● **SUPPLIED MATERIAL**

[Start of Attachment]

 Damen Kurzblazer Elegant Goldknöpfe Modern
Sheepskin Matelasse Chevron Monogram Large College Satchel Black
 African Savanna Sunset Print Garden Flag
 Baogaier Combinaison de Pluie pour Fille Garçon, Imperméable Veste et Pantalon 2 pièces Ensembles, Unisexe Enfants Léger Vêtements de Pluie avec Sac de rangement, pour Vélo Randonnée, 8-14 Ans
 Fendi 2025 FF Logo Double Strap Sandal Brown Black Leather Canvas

[End of Attachment]
[Start of Attachment]

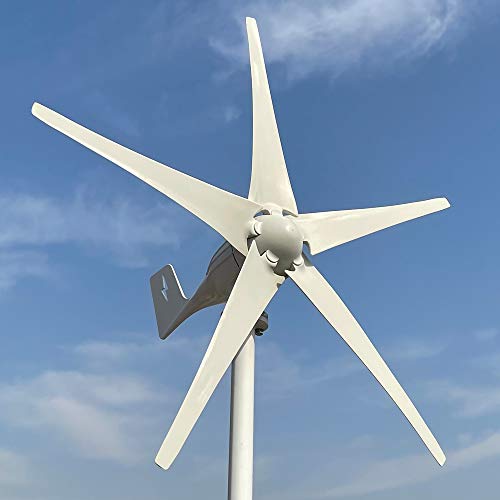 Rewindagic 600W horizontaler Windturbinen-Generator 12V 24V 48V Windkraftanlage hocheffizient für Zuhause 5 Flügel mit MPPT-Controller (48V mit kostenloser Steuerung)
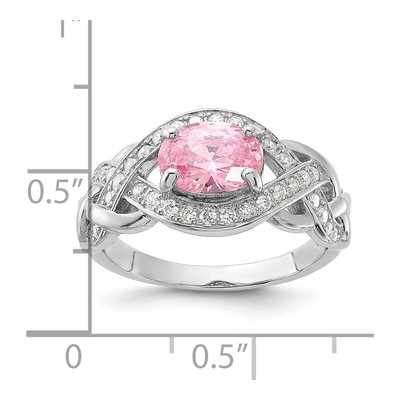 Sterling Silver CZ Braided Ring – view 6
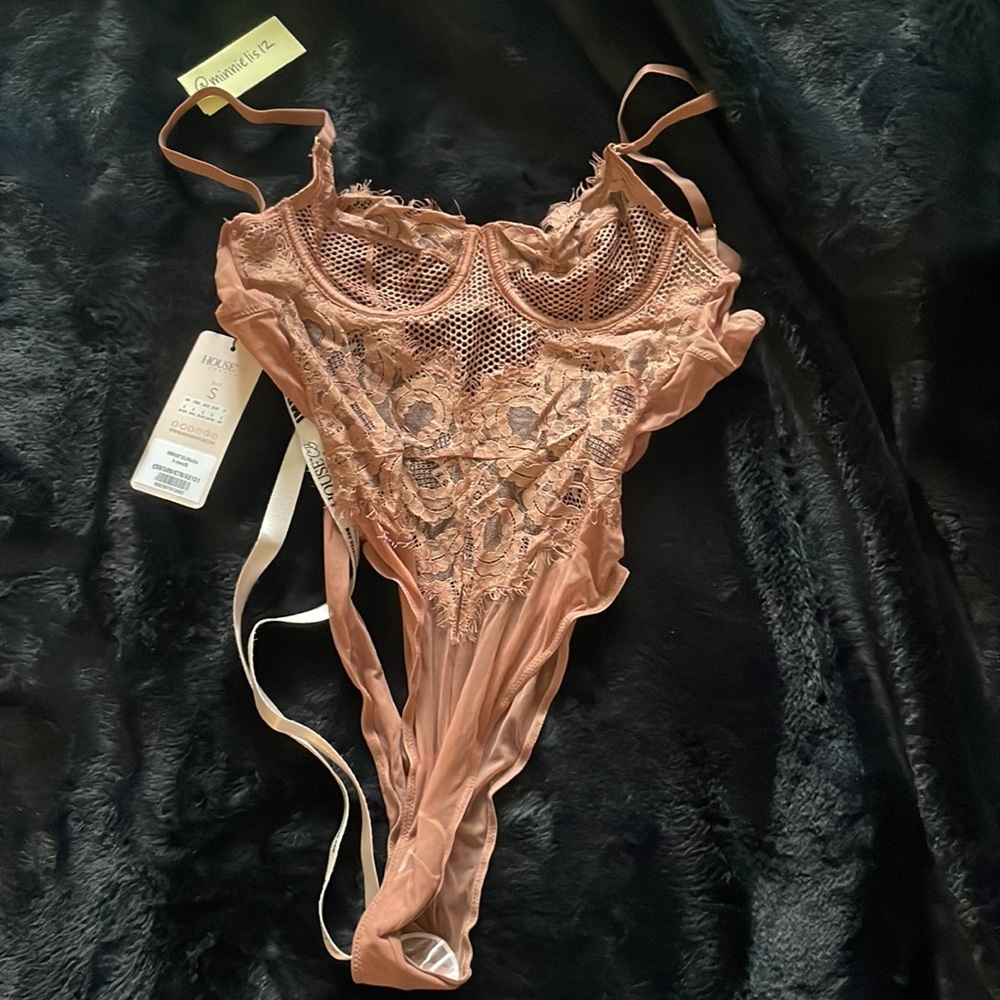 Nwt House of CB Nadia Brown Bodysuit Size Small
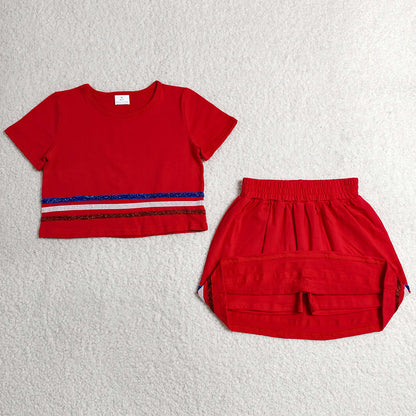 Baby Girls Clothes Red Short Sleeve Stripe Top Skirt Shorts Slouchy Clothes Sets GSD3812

[End of Attachment]

● **WORK ITEM**
Only one stretch of the records above is wanted: the lines between the one holding "Damen Kurzblazer Elegant Goldknöpfe Modern" and the one holding "Baogaier Combinaison de", inclusive, reproduced exactly.

● **TASK SOLUTION**
 Damen Kurzblazer Elegant Goldknöpfe Modern
Sheepskin Matelasse Chevron Monogram Large College Satchel Black
 African Savanna Sunset Print Garden Flag
 Baogaier Combinaison de Pluie pour Fille Garçon, Imperméable Veste et Pantalon 2 pièces Ensembles, Unisexe Enfants Léger Vêtements de Pluie avec Sac de rangement, pour Vélo Randonnée, 8-14 Ans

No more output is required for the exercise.